3.5 Fujitsu A64FX 2016

My favorite is saved for last. A colleague of mine, while discussing memory selection with a partner, said, “You can only choose two of high throughput, large capacity, and low cost,” which is a very philosophical statement. If there are solutions that can balance all three, no one would be troubled. The existence of troubles indicates that there are difficult choices. Personally, I prefer the kind of solution that is “perfect except for being expensive,” but rest assured, when recommending to partners, I will not reveal this personal bias.

Fujitsu’s A64FX is not a server chip; it is designed for supercomputing, precisely that kind of “perfect except for being expensive” product.

In 2016, ARM announced the ArmV8 instruction set extension SVE – Scalable Vector Extension, and according to international conventions, a major customer would appear to support it, which was Fujitsu.
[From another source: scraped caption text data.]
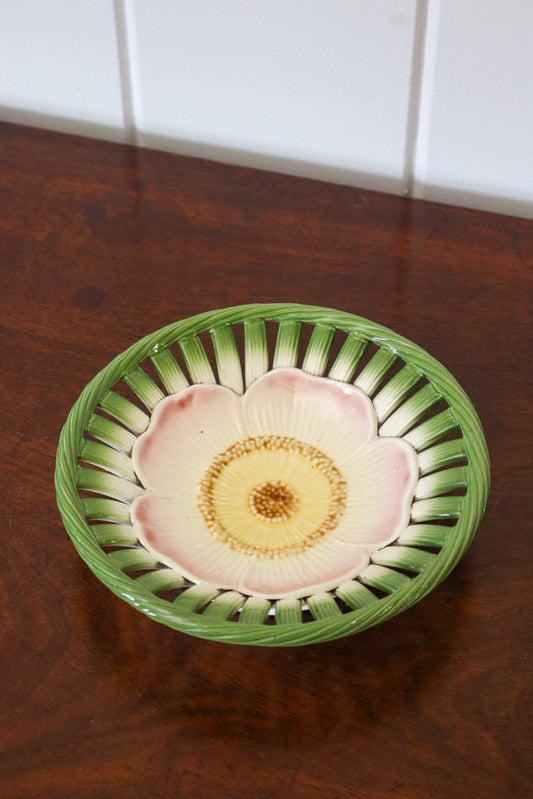 Antique Majolica Flower Reticulated Bowl | 5.75”W
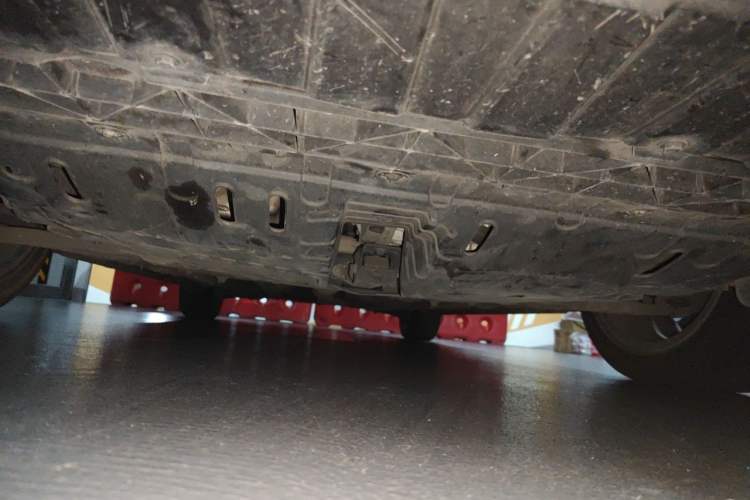 Used CHANGAN Ruicheng CC 2021 Blue Whale Edition 1.5T DCT Prestige Model Chassis Front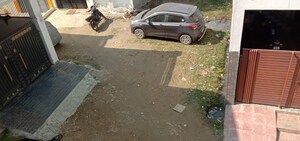 Parking in 2 BHK Independent House at Vigyan Khand – for Rent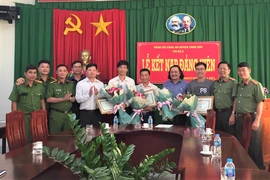 Bà Rịa-Vũng Tàu: Khen thưởng 4 người dân bắt cướp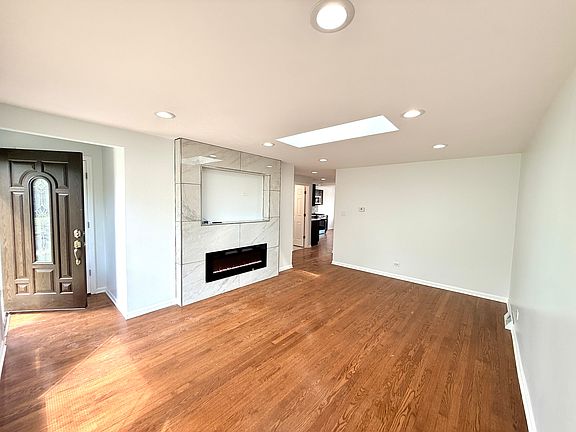 5th image of 7805 S Homan Ave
Its Post-K supercomputing project, rumored to have received $1.24 billion in funding from the Japanese government, would adopt the ARM architecture instead of their previous SPARC. A64FX is the first Arm processor to support SVE.

In 2018, Fujitsu publicly introduced the A64FX at Hot Chips. First, let’s look at the hard parameters: 8.8 billion transistors (this is not much; AWS Graviton2 has 30B), 7nm. It features 48 custom cores plus 4 homogeneous management cores, effectively forming four processor clusters, each with 13 cores. The interconnect between cores uses Fujitsu’s second-generation TOFU -6D mesh/torus on-chip network (the first generation TOFU is highly praised), equipped with 32GB HBM2 (an ultra-luxurious configuration), and 16 PCIe 3.0 lanes (not many, likely not intended for external devices), with a storage bandwidth of 1024GB/s, yielding 2.7 TFLOPS @ 64-bit and 21.6 TFLOPS @ 8-bit performance. Nvidia’s Tesla P4 and P40, when processing 8-bit integers, respectively achieve 22 TFlops and 47 TFLOPS, making for a competitive comparison.

The A64FX’s cache hierarchy, throughput, execution pipeline, power management, and RAS features are all distinctive; those interested can read the Hot Chips documentation for more details.

The impressive performance of A64FX does not require pairing with GPUs, which is why Cray collaborates with Fujitsu to integrate A64FX into CS500 clusters and future Shasta systems.

3.6 Other New Entrants

In November 2019, a startup called Nuvia emerged during the SC conference. The backgrounds of the founders and the lawsuits involving Apple quickly made headlines. Before any products were released, let us remember their slogan: “deliver industry-leading performance and energy efficiency for the data center.”

The European Processor Initiative (EPI) is also an effort aimed at designing server-grade CPUs. Without further ado, let’s look at the roadmap.

When trying to answer why ARM is pursuing server development, the phrase that comes to mind is “advanced productivity.” What is advanced productivity? Frank Frankovsky, Facebook’s VP of Hardware Design and Supply Chain Operations, is also a name to remember. He proposed the concept of the most useful work per watt per dollar. The actual usable computing power divided by the cost of buying and operating servers represents the productivity of that server, marking its advancement.

Extending this to the industry chain, it becomes the total useful work per total investment, providing useful computing power divided by total financial investment (time, engineers’ wisdom and effort), which serves as an indicator of whether this technology/solution/ISA/product’s productivity is advanced.

True advanced productivity belongs to the entire world.